36 MINUTES HOMEWORK: Secondary school students spend an average of 36 minutes a day doing homework. The Government's Time Use Survey shows that those aged between 12 and 17 spend less time doing their homework than schools expect from them.
SUMO ENCOUNTER: It was a David and Goliath encounter at the Easter Show yesterday as 6-year-old Torrens Parsons stepped out of the audience to square off against sumo wrestler Emanuel Yarbrough. Luckily for Torrens he didn't have to toss the American giant off the mat: that would have been a feat beyond even David.
ZIMBABWE FARMERS: Svea Hurd fled strife-torn Zimbabwe so her young family could sleep at night. But their first night on New Zealand soil was disturbed by an early-morning phone call from Svea's husband, Adam, to say the farm they worked on had just been seized by veterans of Zimbabwe's independence war.
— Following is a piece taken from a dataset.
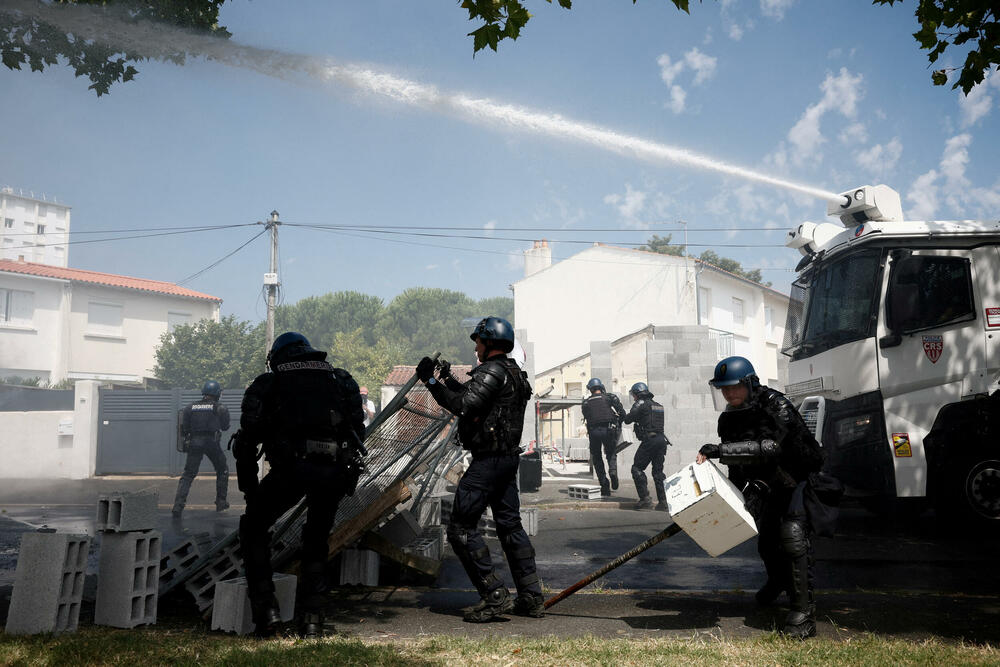 <p>Policija je ispalila suzavac i dovela kamione sa vodenim topovima i pojačanje kako bi rastjerala oko 4.000 demonstranata nakon što su nemiri izbili u ranim popodnevnim satima, pri čemu je razbijeno nekoliko fasada prodavnica i uhapšeno najmanje sedam ljudi</p>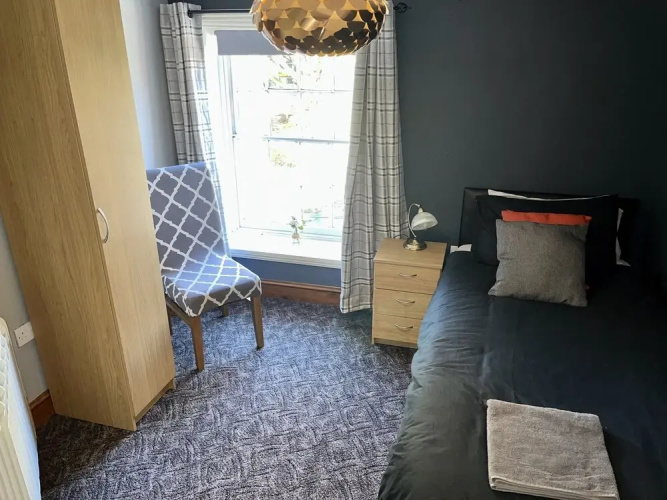 Stylish Historic Apartment - Sleeps 3 & Parking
RUDMAN’S CITY: Of all the missed opportunities of the past summer, the failure to show off the newly renovated Civic Theatre must rank high on any list. I'd have loved to have shown visiting friends around during the America's Cup regatta and again over the Easter break. But all we could do was peer through the closed glass door into the gloomy interior. These days it's hard to even get to the door to squint through it.